Voucher bills find their way to the legislature each year in part because of the influence of the American Legislative Exchange Council—a most conservation organization that has as one of its primary goals the demise of public education and the exhortation of private education. I find it disturbing that the primary author of this year’s version is a former school teacher from Cherokee County, Wes Cantrell.
Exactly what is the voucher bill? Generally voucher bills are titled as a scholarship fund to which parents of students NOT in public school can direct the State to deposit in the scholarship fund the state funds that would go to a school system if the student was enrolled in public school. The parent can then use the funds in basically anyway they deem appropriate including home school, private school, tutoring (which includes travel for study purposes), and even post-secondary education. The advocates for the bill argue that it does not cost the local systems anything and that they come out ahead because they keep all the local funds that would have garnered if the student were enrolled. The money has to come from somewhere and when new money is limited it means some existing agency, likely education, loses. The argument about the local funds doesn’t make sense. The local school system has the money whether the student enrolls or not. It really has no relevance to the scholarship funding.

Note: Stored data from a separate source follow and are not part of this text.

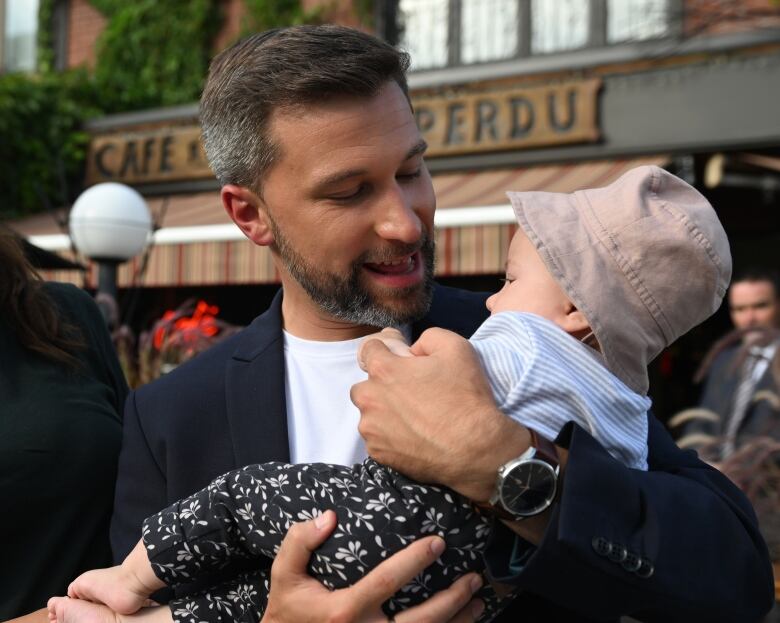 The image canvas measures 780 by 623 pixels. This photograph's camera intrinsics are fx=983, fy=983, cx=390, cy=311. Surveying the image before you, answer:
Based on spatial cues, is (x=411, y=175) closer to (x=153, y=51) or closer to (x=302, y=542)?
(x=302, y=542)

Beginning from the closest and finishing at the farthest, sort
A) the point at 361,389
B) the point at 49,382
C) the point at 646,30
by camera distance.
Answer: the point at 361,389, the point at 49,382, the point at 646,30

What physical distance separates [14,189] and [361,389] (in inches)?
397

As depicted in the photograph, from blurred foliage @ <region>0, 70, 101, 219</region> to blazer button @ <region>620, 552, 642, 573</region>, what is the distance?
33.0 feet

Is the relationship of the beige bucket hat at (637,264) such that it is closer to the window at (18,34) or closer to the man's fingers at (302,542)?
the man's fingers at (302,542)

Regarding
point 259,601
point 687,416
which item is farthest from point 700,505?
point 687,416

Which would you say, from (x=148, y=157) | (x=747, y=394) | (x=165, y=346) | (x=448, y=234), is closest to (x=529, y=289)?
(x=747, y=394)

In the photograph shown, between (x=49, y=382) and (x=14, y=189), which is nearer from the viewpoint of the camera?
(x=49, y=382)

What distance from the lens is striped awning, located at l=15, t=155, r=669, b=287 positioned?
660 centimetres

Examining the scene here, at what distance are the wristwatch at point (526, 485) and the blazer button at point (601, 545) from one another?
3.1 inches

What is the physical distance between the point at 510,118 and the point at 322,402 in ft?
22.5

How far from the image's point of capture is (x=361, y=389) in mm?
1486

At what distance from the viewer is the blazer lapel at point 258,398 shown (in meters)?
1.75

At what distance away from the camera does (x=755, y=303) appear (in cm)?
509

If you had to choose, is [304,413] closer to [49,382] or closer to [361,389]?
[361,389] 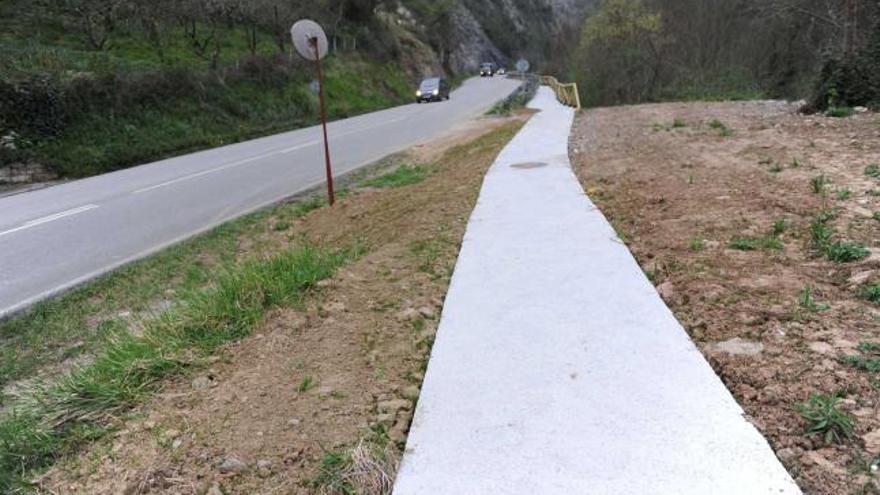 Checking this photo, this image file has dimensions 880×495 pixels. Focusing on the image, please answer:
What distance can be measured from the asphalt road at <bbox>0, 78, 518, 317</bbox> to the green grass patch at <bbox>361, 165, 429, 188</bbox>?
56.5 inches

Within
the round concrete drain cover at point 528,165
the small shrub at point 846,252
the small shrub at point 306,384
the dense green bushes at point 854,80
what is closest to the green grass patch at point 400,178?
the round concrete drain cover at point 528,165

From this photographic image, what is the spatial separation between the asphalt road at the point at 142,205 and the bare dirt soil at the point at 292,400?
3.95 m

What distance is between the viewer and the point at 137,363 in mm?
3613

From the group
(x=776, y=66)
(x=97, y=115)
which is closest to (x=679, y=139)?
(x=97, y=115)

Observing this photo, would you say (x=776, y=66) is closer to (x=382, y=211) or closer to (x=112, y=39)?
(x=382, y=211)

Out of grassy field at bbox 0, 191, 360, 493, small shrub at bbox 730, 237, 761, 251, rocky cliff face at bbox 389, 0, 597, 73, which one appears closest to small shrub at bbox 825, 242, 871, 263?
small shrub at bbox 730, 237, 761, 251

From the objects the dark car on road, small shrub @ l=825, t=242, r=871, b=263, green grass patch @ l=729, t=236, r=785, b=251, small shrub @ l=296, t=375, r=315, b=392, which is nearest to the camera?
small shrub @ l=296, t=375, r=315, b=392

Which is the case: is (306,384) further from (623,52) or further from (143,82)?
(623,52)

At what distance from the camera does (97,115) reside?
684 inches

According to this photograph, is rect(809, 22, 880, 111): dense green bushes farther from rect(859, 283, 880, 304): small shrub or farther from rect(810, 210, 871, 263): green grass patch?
rect(859, 283, 880, 304): small shrub

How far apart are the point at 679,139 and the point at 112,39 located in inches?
918

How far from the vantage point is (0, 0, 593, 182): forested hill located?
15859mm

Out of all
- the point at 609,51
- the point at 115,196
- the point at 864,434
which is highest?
the point at 609,51

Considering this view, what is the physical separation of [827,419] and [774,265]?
2.13 meters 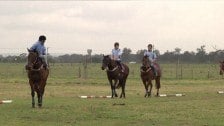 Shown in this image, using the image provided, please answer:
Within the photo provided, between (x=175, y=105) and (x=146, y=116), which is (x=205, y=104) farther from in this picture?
(x=146, y=116)

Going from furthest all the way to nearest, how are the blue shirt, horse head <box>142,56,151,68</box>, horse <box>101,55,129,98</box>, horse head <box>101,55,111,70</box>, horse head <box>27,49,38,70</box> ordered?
1. horse head <box>142,56,151,68</box>
2. horse <box>101,55,129,98</box>
3. horse head <box>101,55,111,70</box>
4. the blue shirt
5. horse head <box>27,49,38,70</box>

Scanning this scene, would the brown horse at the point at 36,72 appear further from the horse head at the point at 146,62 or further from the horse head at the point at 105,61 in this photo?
the horse head at the point at 146,62

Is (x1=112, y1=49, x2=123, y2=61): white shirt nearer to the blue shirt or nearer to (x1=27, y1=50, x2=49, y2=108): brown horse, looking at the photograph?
(x1=27, y1=50, x2=49, y2=108): brown horse

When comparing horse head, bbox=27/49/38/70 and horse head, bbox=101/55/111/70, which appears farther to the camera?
horse head, bbox=101/55/111/70

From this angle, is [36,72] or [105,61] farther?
[105,61]

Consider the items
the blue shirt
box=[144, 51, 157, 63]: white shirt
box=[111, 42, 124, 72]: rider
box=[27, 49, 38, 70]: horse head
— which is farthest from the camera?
box=[144, 51, 157, 63]: white shirt

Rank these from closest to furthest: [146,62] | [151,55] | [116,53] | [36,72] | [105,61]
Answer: [36,72], [105,61], [116,53], [146,62], [151,55]

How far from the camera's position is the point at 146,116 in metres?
18.7

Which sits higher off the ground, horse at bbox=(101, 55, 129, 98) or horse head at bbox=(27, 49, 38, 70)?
horse head at bbox=(27, 49, 38, 70)

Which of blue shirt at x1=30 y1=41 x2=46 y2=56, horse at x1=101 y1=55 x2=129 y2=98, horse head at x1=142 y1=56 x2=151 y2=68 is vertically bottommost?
horse at x1=101 y1=55 x2=129 y2=98

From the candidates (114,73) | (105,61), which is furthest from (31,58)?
(114,73)

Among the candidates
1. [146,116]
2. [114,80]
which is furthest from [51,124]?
[114,80]

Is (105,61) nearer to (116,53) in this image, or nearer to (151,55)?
(116,53)

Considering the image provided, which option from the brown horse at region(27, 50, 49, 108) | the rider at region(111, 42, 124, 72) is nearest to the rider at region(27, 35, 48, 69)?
the brown horse at region(27, 50, 49, 108) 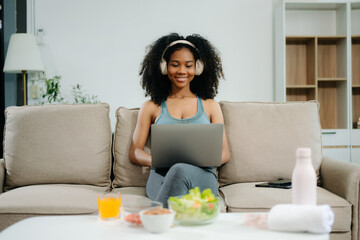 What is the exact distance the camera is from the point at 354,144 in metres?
3.38

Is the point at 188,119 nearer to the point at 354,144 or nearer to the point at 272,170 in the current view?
the point at 272,170

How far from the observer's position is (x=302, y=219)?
1.01m

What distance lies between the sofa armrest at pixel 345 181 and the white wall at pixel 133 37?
183 cm

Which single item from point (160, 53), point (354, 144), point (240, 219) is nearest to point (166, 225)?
point (240, 219)

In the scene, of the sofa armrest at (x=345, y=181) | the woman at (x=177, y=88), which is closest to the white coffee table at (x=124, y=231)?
the woman at (x=177, y=88)

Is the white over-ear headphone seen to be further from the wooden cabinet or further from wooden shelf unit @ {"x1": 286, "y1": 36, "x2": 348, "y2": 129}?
wooden shelf unit @ {"x1": 286, "y1": 36, "x2": 348, "y2": 129}

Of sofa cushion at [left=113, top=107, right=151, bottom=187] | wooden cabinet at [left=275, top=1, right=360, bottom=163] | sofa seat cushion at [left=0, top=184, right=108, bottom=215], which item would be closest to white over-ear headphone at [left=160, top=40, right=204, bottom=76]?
sofa cushion at [left=113, top=107, right=151, bottom=187]

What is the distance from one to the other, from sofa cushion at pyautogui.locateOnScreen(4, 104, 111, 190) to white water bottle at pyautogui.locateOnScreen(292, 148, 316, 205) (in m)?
1.26

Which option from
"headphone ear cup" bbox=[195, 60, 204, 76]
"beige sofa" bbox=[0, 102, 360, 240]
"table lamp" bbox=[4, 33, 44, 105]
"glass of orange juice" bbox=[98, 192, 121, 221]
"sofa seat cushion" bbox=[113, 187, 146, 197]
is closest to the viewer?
"glass of orange juice" bbox=[98, 192, 121, 221]

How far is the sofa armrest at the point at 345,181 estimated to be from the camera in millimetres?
1705

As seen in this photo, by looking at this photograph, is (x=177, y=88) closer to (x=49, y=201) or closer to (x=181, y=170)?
(x=181, y=170)

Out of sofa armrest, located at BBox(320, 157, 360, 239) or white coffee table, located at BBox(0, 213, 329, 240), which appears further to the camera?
sofa armrest, located at BBox(320, 157, 360, 239)

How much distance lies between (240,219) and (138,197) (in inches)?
29.0

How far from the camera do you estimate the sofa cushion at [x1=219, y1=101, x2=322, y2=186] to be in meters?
2.05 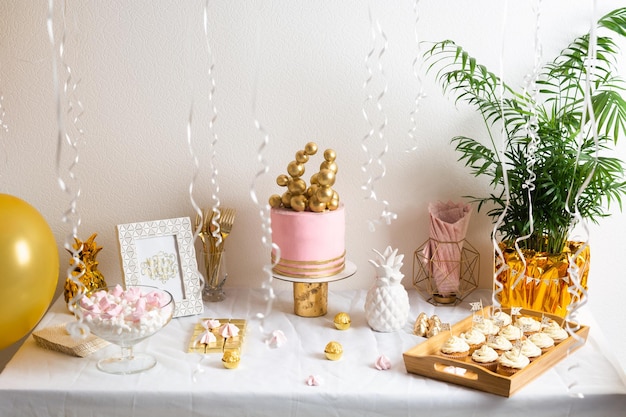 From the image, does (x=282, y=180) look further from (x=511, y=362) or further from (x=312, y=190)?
(x=511, y=362)

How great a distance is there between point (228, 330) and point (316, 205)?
0.32 meters

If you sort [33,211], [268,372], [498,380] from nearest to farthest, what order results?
1. [498,380]
2. [268,372]
3. [33,211]

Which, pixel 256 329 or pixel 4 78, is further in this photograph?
pixel 4 78

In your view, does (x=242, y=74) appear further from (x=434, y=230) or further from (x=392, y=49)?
(x=434, y=230)

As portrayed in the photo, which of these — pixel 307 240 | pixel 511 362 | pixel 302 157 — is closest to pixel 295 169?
pixel 302 157

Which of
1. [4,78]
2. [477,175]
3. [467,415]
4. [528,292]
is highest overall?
[4,78]

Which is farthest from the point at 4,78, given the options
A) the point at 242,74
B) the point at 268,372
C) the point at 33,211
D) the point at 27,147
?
the point at 268,372

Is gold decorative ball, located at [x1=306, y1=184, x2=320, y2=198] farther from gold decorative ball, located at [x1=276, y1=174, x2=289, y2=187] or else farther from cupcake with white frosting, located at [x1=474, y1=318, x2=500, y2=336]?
cupcake with white frosting, located at [x1=474, y1=318, x2=500, y2=336]

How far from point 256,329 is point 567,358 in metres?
0.65

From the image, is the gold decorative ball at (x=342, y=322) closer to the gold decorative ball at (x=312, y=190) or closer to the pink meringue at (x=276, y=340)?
the pink meringue at (x=276, y=340)

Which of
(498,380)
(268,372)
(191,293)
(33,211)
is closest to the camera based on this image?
(498,380)

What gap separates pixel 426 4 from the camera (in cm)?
175

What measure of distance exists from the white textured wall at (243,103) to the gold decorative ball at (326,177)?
20 centimetres

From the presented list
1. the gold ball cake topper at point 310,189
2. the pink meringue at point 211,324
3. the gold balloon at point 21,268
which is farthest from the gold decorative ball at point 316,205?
the gold balloon at point 21,268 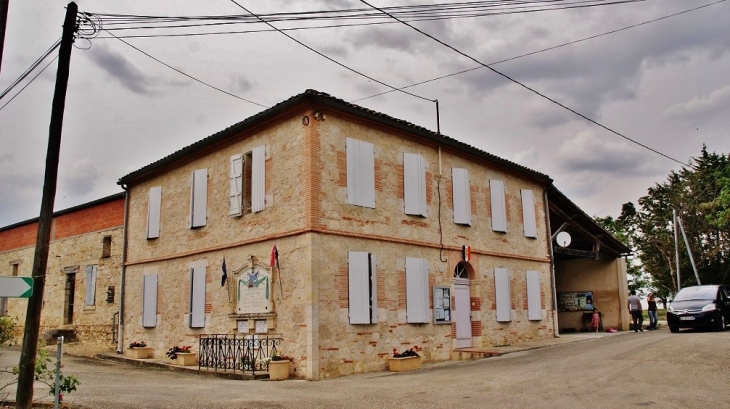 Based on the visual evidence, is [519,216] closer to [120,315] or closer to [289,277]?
[289,277]

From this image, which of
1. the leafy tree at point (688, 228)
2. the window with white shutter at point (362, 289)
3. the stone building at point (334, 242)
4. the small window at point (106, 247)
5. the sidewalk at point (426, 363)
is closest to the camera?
the sidewalk at point (426, 363)

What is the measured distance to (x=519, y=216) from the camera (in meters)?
20.2

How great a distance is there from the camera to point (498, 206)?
19125mm

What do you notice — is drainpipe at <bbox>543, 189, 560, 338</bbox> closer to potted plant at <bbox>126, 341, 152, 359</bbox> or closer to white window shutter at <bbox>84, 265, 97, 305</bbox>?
potted plant at <bbox>126, 341, 152, 359</bbox>

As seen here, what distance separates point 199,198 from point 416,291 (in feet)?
21.4

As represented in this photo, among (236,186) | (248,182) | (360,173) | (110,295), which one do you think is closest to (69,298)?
(110,295)

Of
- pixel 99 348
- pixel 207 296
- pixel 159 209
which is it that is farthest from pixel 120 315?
pixel 207 296

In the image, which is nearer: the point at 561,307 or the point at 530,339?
the point at 530,339

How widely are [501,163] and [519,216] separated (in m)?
2.01

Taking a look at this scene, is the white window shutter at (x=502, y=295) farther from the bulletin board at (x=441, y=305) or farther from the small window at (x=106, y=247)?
the small window at (x=106, y=247)

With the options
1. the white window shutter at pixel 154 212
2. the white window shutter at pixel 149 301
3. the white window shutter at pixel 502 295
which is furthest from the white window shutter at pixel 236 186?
the white window shutter at pixel 502 295

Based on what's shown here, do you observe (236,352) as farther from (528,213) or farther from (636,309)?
(636,309)

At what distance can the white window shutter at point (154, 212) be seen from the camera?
1864 cm

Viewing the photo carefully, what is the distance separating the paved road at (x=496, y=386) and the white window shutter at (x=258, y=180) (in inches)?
166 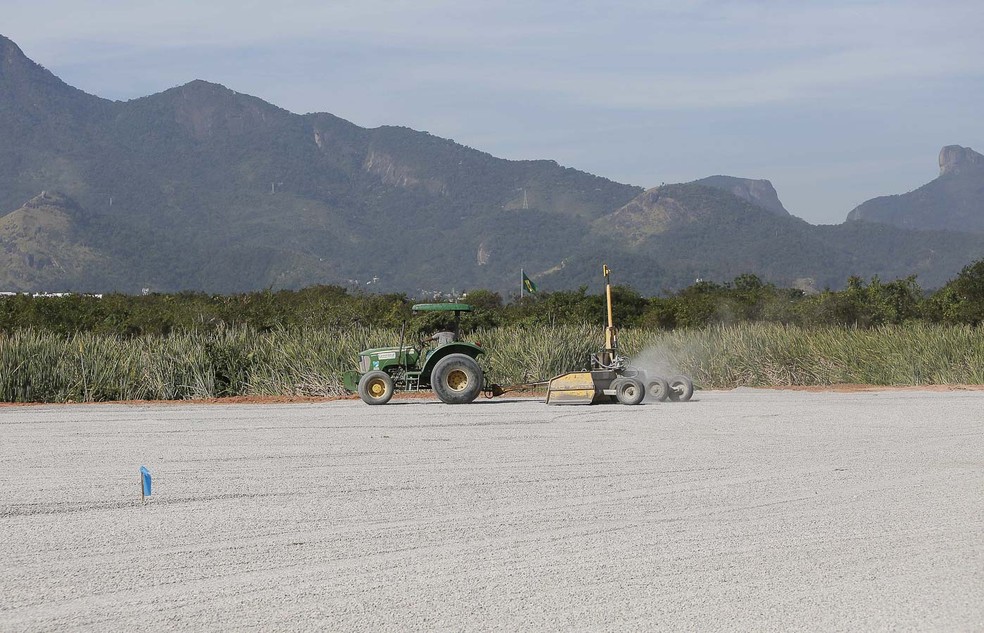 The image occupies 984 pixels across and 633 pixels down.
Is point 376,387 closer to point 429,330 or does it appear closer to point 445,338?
point 445,338

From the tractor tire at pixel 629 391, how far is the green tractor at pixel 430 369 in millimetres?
→ 2294

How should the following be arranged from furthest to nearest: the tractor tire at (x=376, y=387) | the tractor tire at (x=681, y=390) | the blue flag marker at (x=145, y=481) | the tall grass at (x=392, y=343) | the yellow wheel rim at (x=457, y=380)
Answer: the tall grass at (x=392, y=343), the tractor tire at (x=681, y=390), the tractor tire at (x=376, y=387), the yellow wheel rim at (x=457, y=380), the blue flag marker at (x=145, y=481)

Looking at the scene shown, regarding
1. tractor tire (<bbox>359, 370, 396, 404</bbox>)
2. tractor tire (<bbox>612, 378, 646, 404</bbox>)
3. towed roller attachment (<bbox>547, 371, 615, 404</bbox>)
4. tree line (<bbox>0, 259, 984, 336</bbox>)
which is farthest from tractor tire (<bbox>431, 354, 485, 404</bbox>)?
tree line (<bbox>0, 259, 984, 336</bbox>)

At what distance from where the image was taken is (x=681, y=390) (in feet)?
63.5

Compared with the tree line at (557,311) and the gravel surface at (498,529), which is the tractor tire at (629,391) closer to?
the gravel surface at (498,529)

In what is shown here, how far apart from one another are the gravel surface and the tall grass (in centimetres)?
770

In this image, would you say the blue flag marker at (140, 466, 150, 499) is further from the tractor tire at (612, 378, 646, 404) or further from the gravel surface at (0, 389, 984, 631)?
the tractor tire at (612, 378, 646, 404)

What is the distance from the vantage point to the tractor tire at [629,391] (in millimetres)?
18016

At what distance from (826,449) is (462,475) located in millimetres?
4377

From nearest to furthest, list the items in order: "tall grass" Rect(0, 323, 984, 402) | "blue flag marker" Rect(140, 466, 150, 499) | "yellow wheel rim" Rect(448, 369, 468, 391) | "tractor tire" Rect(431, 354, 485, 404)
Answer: "blue flag marker" Rect(140, 466, 150, 499)
"tractor tire" Rect(431, 354, 485, 404)
"yellow wheel rim" Rect(448, 369, 468, 391)
"tall grass" Rect(0, 323, 984, 402)

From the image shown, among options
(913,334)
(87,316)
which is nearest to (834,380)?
(913,334)

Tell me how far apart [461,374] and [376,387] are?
156 centimetres

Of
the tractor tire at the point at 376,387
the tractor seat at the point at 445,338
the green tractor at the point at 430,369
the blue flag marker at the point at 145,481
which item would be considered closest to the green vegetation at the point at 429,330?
the green tractor at the point at 430,369

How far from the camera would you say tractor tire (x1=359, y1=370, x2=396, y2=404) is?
18.9m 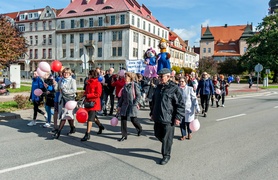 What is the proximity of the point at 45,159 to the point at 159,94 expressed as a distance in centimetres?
271

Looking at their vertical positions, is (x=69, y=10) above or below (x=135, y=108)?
above

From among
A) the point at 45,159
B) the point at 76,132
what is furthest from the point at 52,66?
the point at 45,159

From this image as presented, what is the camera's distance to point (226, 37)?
101 m

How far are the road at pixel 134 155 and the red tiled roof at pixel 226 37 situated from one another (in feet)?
316

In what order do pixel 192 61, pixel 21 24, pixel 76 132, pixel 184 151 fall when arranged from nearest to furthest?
1. pixel 184 151
2. pixel 76 132
3. pixel 21 24
4. pixel 192 61

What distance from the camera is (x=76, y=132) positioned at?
7484mm

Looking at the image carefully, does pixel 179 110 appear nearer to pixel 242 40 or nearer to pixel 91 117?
pixel 91 117

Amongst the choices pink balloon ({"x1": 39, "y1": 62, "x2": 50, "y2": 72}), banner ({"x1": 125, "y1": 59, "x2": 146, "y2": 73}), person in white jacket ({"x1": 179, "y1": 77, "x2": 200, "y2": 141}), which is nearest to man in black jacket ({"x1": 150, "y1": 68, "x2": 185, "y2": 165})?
person in white jacket ({"x1": 179, "y1": 77, "x2": 200, "y2": 141})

Perhaps the major question is why? Two reasons come to mind. First, the American Legislative Exchange Council has made it very clear that it will financially support any legislator that is successful in getting a voucher vote in their state legislature. Secondly, the Chairman of the House Ways and Means Committee, Jay Powell of Camilla, has been most accommodating to voucher legislation in the past. When voucher legislation has been assigned to the House Education Committee the bills have failed to exit to the Rules Committee.
The bottom line is that voucher legislation undermines public education and routes public funds to private education.
I most certainly encourage you to contact your legislator, most particularly the members of the House, and let them know how you feel about enacting vouchers in Georgia. This is not a battle for public education that will go away and we will have to maintain resistance every year.